Exercise: Could the lines from the one containing "痣相看男左腳底邊有痣有什么說法？" through the end of the material below be returned exactly, with nothing else?

Extracted data:
---

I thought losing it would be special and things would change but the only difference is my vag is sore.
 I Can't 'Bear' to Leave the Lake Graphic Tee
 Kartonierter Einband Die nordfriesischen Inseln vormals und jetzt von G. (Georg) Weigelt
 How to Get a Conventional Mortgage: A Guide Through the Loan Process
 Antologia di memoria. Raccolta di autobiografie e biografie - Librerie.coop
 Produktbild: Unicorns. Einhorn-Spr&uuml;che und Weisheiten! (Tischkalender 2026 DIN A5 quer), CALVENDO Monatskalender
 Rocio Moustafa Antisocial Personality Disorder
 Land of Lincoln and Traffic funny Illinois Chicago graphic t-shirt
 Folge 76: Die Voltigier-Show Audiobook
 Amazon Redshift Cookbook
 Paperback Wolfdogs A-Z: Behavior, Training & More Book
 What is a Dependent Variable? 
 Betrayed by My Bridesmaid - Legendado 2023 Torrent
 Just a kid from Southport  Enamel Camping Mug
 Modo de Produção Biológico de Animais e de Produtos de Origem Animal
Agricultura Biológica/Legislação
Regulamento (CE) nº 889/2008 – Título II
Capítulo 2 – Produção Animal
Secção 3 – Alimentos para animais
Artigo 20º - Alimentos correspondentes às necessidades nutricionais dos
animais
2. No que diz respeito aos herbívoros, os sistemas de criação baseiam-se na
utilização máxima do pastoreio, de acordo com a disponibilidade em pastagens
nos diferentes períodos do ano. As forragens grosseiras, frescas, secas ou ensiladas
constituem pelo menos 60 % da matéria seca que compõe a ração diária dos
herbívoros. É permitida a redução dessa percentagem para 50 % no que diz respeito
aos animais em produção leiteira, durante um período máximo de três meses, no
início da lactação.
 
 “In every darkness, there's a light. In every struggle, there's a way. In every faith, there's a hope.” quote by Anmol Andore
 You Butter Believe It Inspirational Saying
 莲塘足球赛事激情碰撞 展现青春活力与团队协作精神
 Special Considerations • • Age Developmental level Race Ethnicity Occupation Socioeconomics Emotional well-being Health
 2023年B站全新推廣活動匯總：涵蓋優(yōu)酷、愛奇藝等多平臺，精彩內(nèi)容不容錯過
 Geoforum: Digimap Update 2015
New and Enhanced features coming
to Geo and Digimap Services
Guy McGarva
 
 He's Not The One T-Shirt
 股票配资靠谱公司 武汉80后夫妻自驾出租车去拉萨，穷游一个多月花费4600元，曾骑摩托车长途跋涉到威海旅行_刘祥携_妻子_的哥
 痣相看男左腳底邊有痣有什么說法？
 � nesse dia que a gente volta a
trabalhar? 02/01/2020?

---

Output for this exercise:
 痣相看男左腳底邊有痣有什么說法？
 � nesse dia que a gente volta a
trabalhar? 02/01/2020?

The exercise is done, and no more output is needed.